==== MATERIAL FOR THE TASK ====
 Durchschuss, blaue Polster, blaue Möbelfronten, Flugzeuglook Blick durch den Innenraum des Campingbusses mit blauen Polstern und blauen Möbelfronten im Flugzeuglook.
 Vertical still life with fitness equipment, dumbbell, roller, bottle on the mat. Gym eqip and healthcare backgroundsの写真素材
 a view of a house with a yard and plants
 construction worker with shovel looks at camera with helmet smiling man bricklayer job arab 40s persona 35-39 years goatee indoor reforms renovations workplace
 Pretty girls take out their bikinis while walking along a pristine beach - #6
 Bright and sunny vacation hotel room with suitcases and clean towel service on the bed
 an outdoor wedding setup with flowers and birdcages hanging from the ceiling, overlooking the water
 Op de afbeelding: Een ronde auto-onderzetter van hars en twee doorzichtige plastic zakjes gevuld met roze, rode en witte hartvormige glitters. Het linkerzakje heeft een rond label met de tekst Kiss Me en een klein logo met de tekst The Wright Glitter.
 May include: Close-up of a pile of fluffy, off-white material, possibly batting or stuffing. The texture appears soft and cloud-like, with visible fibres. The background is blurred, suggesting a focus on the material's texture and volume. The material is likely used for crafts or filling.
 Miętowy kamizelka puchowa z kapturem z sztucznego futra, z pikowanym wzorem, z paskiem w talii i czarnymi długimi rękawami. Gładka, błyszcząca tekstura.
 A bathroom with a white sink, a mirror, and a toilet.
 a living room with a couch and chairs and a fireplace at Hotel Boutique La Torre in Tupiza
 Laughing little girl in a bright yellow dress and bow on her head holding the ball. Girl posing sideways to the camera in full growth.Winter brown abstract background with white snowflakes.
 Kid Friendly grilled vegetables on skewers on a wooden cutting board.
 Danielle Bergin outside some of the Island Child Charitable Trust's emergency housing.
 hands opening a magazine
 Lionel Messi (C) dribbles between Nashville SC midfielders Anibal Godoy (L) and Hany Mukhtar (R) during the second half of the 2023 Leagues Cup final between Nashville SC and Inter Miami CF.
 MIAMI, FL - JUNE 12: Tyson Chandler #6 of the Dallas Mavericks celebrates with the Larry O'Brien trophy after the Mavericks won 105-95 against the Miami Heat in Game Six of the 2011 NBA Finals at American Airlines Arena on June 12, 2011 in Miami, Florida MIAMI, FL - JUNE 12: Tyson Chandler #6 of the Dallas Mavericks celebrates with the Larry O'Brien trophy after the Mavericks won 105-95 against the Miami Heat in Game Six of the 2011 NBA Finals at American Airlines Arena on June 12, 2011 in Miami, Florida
====
### TASK OBJECTIVE
Transcribe the material above in its entirety. Match it exactly.

### COMPLETED TASK
 Durchschuss, blaue Polster, blaue Möbelfronten, Flugzeuglook Blick durch den Innenraum des Campingbusses mit blauen Polstern und blauen Möbelfronten im Flugzeuglook.
 Vertical still life with fitness equipment, dumbbell, roller, bottle on the mat. Gym eqip and healthcare backgroundsの写真素材
 a view of a house with a yard and plants
 construction worker with shovel looks at camera with helmet smiling man bricklayer job arab 40s persona 35-39 years goatee indoor reforms renovations workplace
 Pretty girls take out their bikinis while walking along a pristine beach - #6
 Bright and sunny vacation hotel room with suitcases and clean towel service on the bed
 an outdoor wedding setup with flowers and birdcages hanging from the ceiling, overlooking the water
 Op de afbeelding: Een ronde auto-onderzetter van hars en twee doorzichtige plastic zakjes gevuld met roze, rode en witte hartvormige glitters. Het linkerzakje heeft een rond label met de tekst Kiss Me en een klein logo met de tekst The Wright Glitter.
 May include: Close-up of a pile of fluffy, off-white material, possibly batting or stuffing. The texture appears soft and cloud-like, with visible fibres. The background is blurred, suggesting a focus on the material's texture and volume. The material is likely used for crafts or filling.
 Miętowy kamizelka puchowa z kapturem z sztucznego futra, z pikowanym wzorem, z paskiem w talii i czarnymi długimi rękawami. Gładka, błyszcząca tekstura.
 A bathroom with a white sink, a mirror, and a toilet.
 a living room with a couch and chairs and a fireplace at Hotel Boutique La Torre in Tupiza
 Laughing little girl in a bright yellow dress and bow on her head holding the ball. Girl posing sideways to the camera in full growth.Winter brown abstract background with white snowflakes.
 Kid Friendly grilled vegetables on skewers on a wooden cutting board.
 Danielle Bergin outside some of the Island Child Charitable Trust's emergency housing.
 hands opening a magazine
 Lionel Messi (C) dribbles between Nashville SC midfielders Anibal Godoy (L) and Hany Mukhtar (R) during the second half of the 2023 Leagues Cup final between Nashville SC and Inter Miami CF.
 MIAMI, FL - JUNE 12: Tyson Chandler #6 of the Dallas Mavericks celebrates with the Larry O'Brien trophy after the Mavericks won 105-95 against the Miami Heat in Game Six of the 2011 NBA Finals at American Airlines Arena on June 12, 2011 in Miami, Florida MIAMI, FL - JUNE 12: Tyson Chandler #6 of the Dallas Mavericks celebrates with the Larry O'Brien trophy after the Mavericks won 105-95 against the Miami Heat in Game Six of the 2011 NBA Finals at American Airlines Arena on June 12, 2011 in Miami, Florida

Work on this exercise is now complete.